Here in Southeast Texas, you can watch the sun come up over the Gulf if you drive down to the coast early enough. There’s something about sunrise that feels like hope. The darkness breaks. The light returns. That’s what we’re proclaiming when we build our churches facing east. Christ is the true Sun, and we’re waiting for him to rise again, not over the horizon but in glory to make all things new.
The eastward orientation isn’t just about the building. It shapes how we worship. During baptism, the catechumen first faces west to renounce Satan. Then he turns east to confess Christ. It’s a physical turning from darkness to light, from death to life. Your body participates in what your soul is doing.

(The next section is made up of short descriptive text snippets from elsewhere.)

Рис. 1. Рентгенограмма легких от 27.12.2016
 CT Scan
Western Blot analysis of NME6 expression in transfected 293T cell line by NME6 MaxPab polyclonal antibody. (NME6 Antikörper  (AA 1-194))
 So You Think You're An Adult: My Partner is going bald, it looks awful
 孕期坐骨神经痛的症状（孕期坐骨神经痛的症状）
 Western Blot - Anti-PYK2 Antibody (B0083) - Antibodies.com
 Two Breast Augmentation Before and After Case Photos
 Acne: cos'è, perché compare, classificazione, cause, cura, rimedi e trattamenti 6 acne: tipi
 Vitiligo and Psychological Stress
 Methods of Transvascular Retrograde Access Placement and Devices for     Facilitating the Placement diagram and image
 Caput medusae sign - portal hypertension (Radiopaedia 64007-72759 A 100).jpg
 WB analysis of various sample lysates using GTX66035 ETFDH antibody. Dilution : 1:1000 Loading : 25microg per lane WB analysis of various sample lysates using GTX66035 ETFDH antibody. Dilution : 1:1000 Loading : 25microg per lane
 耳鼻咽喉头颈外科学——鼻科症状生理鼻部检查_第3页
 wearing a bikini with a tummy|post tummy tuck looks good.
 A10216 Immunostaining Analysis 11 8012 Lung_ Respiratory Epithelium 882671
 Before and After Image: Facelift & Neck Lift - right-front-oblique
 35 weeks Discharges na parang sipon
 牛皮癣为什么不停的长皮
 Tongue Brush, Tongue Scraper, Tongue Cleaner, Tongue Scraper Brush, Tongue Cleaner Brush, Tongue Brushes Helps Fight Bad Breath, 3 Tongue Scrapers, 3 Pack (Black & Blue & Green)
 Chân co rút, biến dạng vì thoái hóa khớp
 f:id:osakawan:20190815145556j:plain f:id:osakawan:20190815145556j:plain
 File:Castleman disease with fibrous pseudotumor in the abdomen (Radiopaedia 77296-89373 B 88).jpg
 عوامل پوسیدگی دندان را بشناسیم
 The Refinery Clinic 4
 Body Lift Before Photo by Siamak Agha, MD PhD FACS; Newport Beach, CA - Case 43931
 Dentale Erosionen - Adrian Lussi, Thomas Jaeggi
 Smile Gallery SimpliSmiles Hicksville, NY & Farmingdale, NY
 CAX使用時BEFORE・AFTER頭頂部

Even at home, Orthodox Christians traditionally set up their icon corner on the eastern wall of a room. When you stand to pray, you face east. You’re joining yourself to the whole Church, scattered across time zones and continents, all of us turning the same direction like sunflowers tracking the sun.
Some people ask whether this is just symbolism. Can’t God hear us no matter which way we face? Of course he can. But we’re not Gnostics. We don’t think the body is irrelevant or that physical things don’t matter. We believe the Word became flesh. We believe bread and wine become Body and Blood. We believe that what we do with our bodies shapes our souls. So we turn east, and in turning, we remember what we’re waiting for.
Not every Orthodox church building can be oriented to true east. Sometimes the lot doesn’t allow it, or you’re renovating an existing structure that faces another direction. That’s fine. The altar end becomes the liturgical east, and the symbolism holds. It’s not about magnetic north. It’s about Christ.
If you visit St. Michael’s for the first time, you’ll see this in action. The altar is at the east end. The iconostasis faces west toward the congregation. When the priest prays, he faces east with the people. We’re all looking the same direction, all waiting together. On Pascha, when we sing “Christ is risen from the dead, trampling down death by death,” we’re proclaiming that the Sun has already risen once. And we know he’ll rise again.